Starmer was “100% behind Jeremy Corbyn”. Thierry Monasse/Getty Images

Jeremy Corbyn has described Keir Starmer’s decision to stop him standing as a Labour candidate in Islington North as a “flagrant attack” on democracy. Such pique is understandable, perhaps, since Starmer claimed to be “100% behind Jeremy Corbyn” when the allegations of the former leader’s antisemitism were circulating in 2019. All the more so when you take into account Starmer’s reneging on his pledge to allow local party control over parliamentary selections.
But it’s not unusual for a Labour leader to attempt to define himself against a predecessor and make a decisive break with the past. Sometimes the differentiation is gained through dint of personality, as with the war-hero Clement Attlee who contrasted starkly with his pacifist predecessor George Lansbury. And the grammar-school boy Harold Wilson, who was a clean break from his aloof public-school predecessor, Hugh Gaitskell. Sometimes it is a deliberate political ploy: Tony Blair conjured Michael Foot to condemn the lack of professionalism that characterised “Old Labour”. Corbyn, himself, was elected leader in part as a repudiation of the kind of political triangulation that defined the New Labour years.
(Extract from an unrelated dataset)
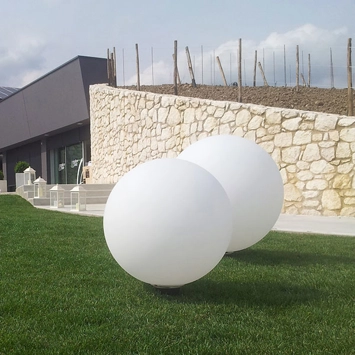 L’illuminazione scenografica degli esterni di Cantina Andreola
No post-war Labour leader has gone so far as Starmer, though, and attempted to block his predecessor from standing for election. Plenty of big-hitters have been expelled from the party – in circumstances which may have resonance for Corbyn. In 2000, for example, Ken Livingstone, who served as the legendary leader of the Greater London Council in the Eighties and then as a Labour MP for 13 years, was explosively ejected from the party when he dared to stand for Mayor of London against the wishes of Tony Blair. This backfired when Livingstone then stood as an independent and decisively defeated Blair’s handpicked candidate, Frank Dobson, who secured just 13% of the vote. Might Corbyn seek to follow Livingstone’s example as he considers his own options in his Islington North constituency?
Michael Foot, too, provides a blueprint of sorts. Twenty years before he became Labour party leader, he and three other Labour MPs lost the whip, though, like Corbyn, maintained party membership.
“Even if they expel me,” Foot declared on the eve of the decision, “I shall still go on supporting the Labour Party”. In this, Corbyn has followed Foot’s example, loyally supporting Labour candidates and canvassing with his local party in Islington. When it was proposed that losing the whip meant that Foot should also be stripped of his party membership, Foot’s ally Harold Wilson declared that such a suggestion was “plain daft”. When the Right-wing leader, Hugh Gaitskell, was replaced by Wilson two years later, the whip was restored and Foot’s political career resurrected.
Such temporary purges are not unusual. In 1939, Nye Bevan and Stafford Cripps were among those booted out of the party for advocating a Popular Front to combat fascism. These expulsions were generally unpopular, with many local Labour constituency parties issuing statements of support for the condemned. Nine months later, they were readmitted to the fold. Cripps would go on to serve as Chancellor in the Attlee Labour government, and Bevan founded the National Health Service.